= Finished Work Pentecostalism =

Pentecostal doctrine that locates sanctification at conversion

Finished Work Pentecostalism is a major branch of Pentecostalism that holds that after conversion, the converted Christian progressively grows in grace though the possibility of entire sanctification is rejected. On the other hand, the other branch of Pentecostalism—Holiness Pentecostalism, while teaching growth in grace that occurs after conversion, affirms the Wesleyan doctrine of entire sanctification as an instantaneous, definite second work of grace, which is a necessary prerequisite to receive the baptism in the Holy Spirit. Finished Work Pentecostals are generally known to have retained the doctrine of progressive sanctification from their earlier Reformed roots, while Holiness Pentecostals retained their doctrine of entire sanctification from their earlier Wesleyan roots (cf. Sanctification in Christianity#Methodism). William Howard Durham is considered to be the founder of Finished Work Pentecostalism.

The doctrine arose as one of the "new issues" in the early Pentecostal revivals in the United States. The term finished work arises from the aphorism "It's a finished work at Calvary", referring to both salvation and sanctification. Finished Work Pentecostals and Holiness Pentecostal are the two main branches of classical, trinitarian Pentecostalism. The dispute surrounding it was called the Finished Work Controversy which split the Pentecostal movement into Wesleyan and non-Wesleyan doctrinal orientations, known respectively as Holiness Pentecostals and Finished Work Pentecostals.

== History ==
=== Background ===
When Holiness Pentecostalism, the earliest form of Pentecostalism, emerged as a distinct movement within American Protestantism, it was through ministers with a Wesleyan-Holiness (Methodistic) background such as Charles Parham and William J. Seymour. John Wesley, the founder of Methodism, advocated Christian perfection that held that entire sanctification was indeed a definite work that was to follow conversion (the New Birth). Wesley drew on the idea of theosis to suggest that sanctification would cause a change in motivation that if nurtured would lead to a gradual perfecting of the believer. Thus while it was physically possible for a sanctified believer to sin, he or she would be empowered to choose to avoid sin. Wesley's teachings and Methodism gave birth to the holiness movement, which sought to propagate the Methodistic doctrine of entire sanctification (Christian perfection). Most advocates within the holiness movement, in accordance with Methodist theology, taught that sanctification had both instantaneous and progressive dimensions. They taught the availability of entire sanctification, which was a post-conversion experience. In this "second definite work of grace", the inclination to sin was removed and replaced by perfect love. The state of entire sanctification allowed the believer to turn his or her attention outward toward the advancement of the gospel. In contrast, the state of partial sanctification was said to turn the believer's attention to the interior spiritual struggle for holiness which in turn limited his or her usefulness to the church and society. Though the holiness movement arose primarily within Methodism, it made an impact on the Quaker tradition, as well as in certain Anabaptist, Presbyterian, Baptist, and Restorationist denominations.
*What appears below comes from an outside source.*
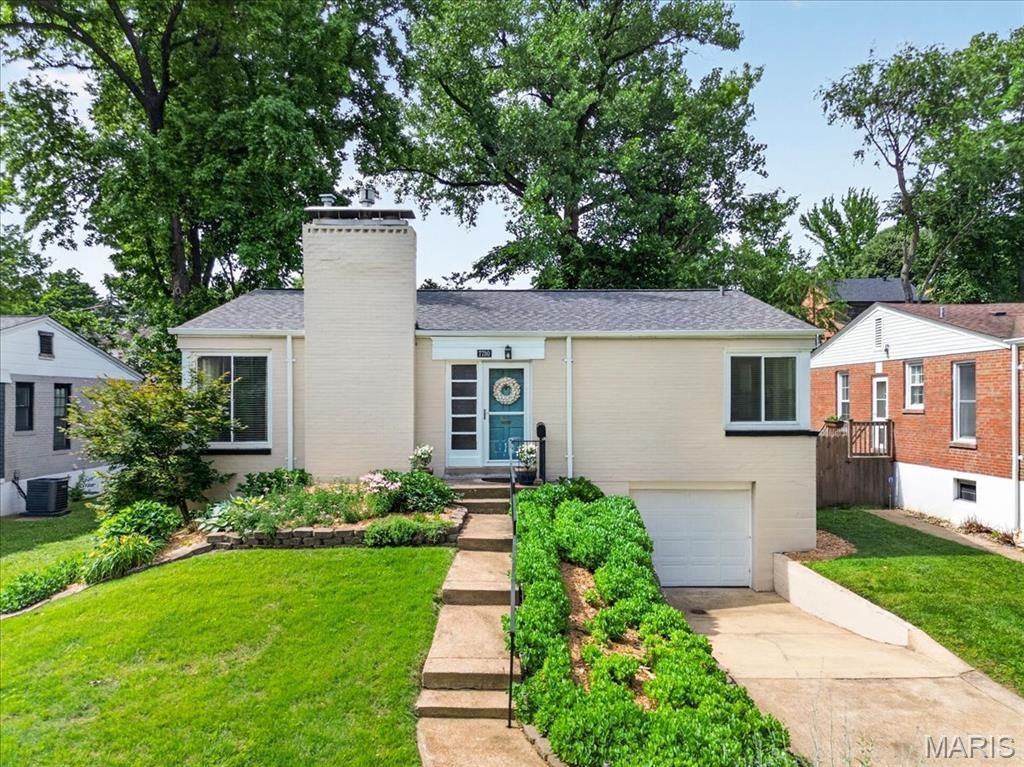 7730 Balson Avenue, University City, MO 63130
Another movement stressing the importance of sanctification arose called the Higher Life movement, which centered around the Keswick Convention; the theology of the Higher Life movement is thus known as Keswickian theology. Keswickian theology differs from Wesleyan-Arminian (Methodist) theology. In time, significant Irvingite and Calvinist leaders became thoroughly embedded in the Higher Life movement. These included Charles Finney, William Boardman and Dwight L. Moody. These evangelicals of the Reformed tradition differed from their Wesleyan counterparts in that they rejected the holiness concept of a "second blessing" instead focusing on an "overcoming" life. Keswickian theology is most notable in the Christian and Missionary Alliance denomination.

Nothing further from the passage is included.